━━━ DATA EXCERPTS ━━━

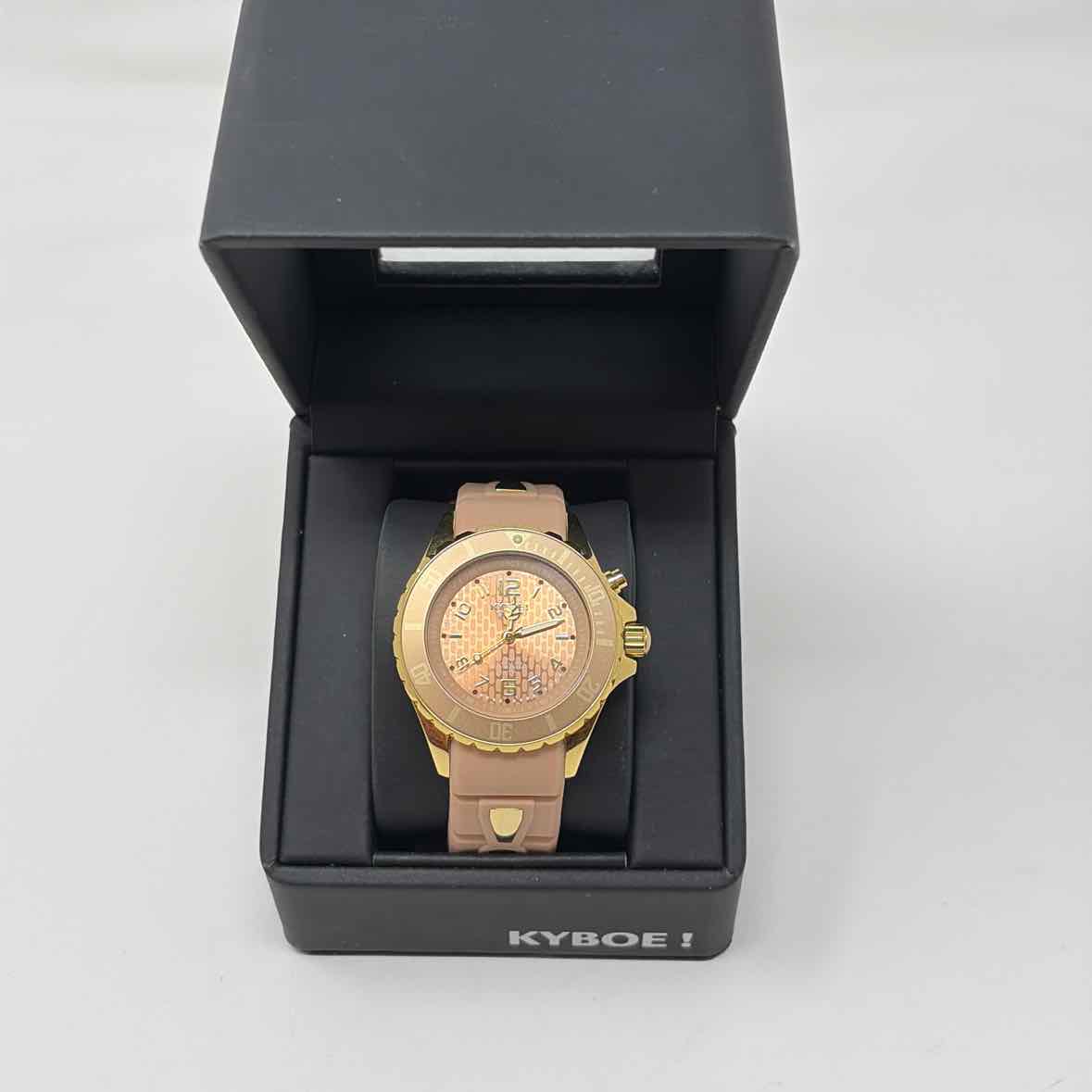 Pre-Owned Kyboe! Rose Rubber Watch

━━━
━━━ DATA EXCERPTS ━━━

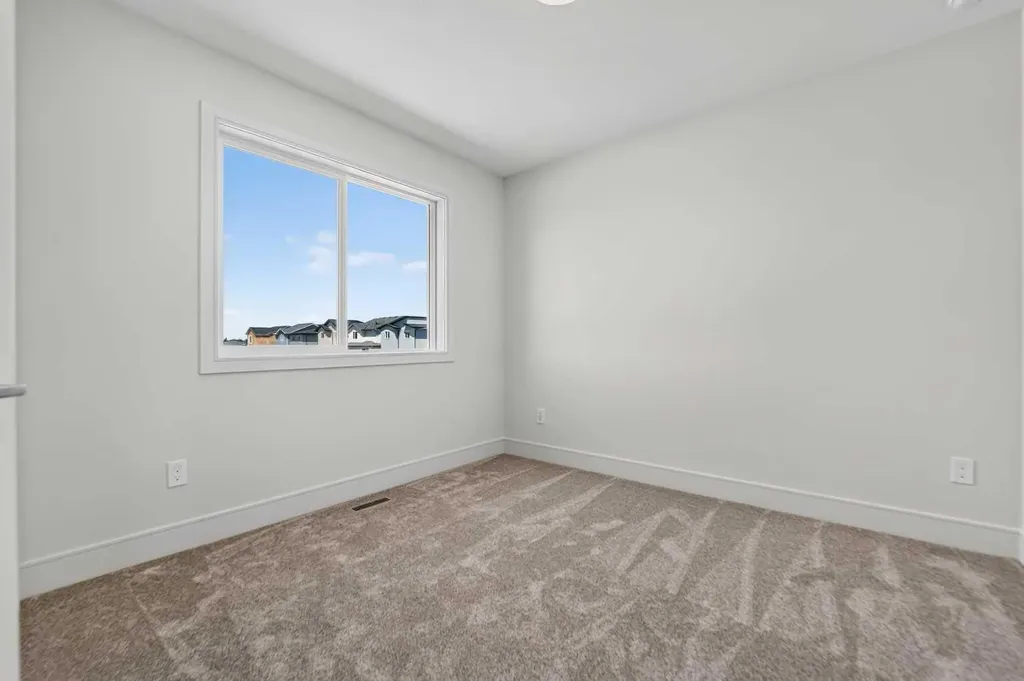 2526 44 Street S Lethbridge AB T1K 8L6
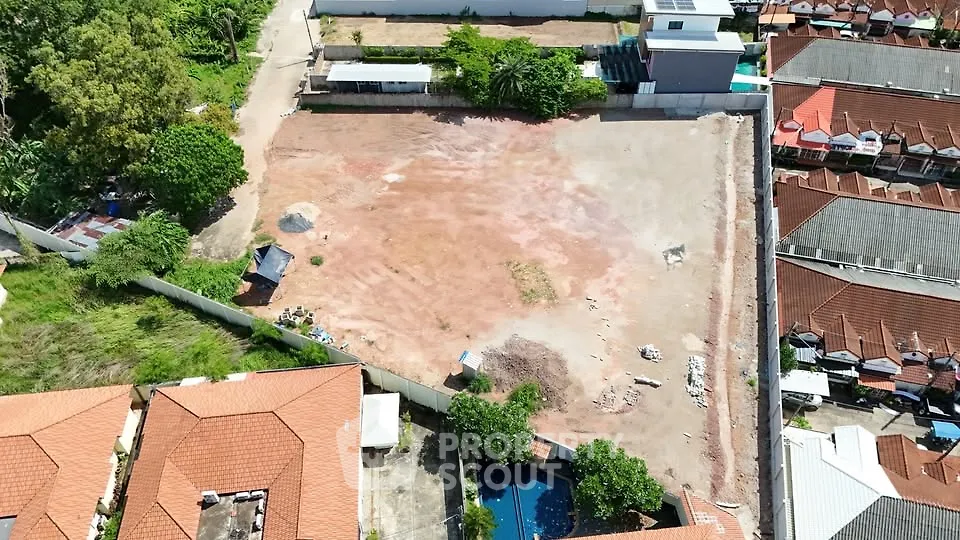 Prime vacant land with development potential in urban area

━━━

**ACTIVITY:** Go down the entries above from the line containing "2526 44 Street S Lethbridge AB T1K 8L6" to the line containing "Prime vacant land" and write out each line exactly, leaving pictures out.

**YOUR SOLUTION:**
 2526 44 Street S Lethbridge AB T1K 8L6
 Prime vacant land with development potential in urban area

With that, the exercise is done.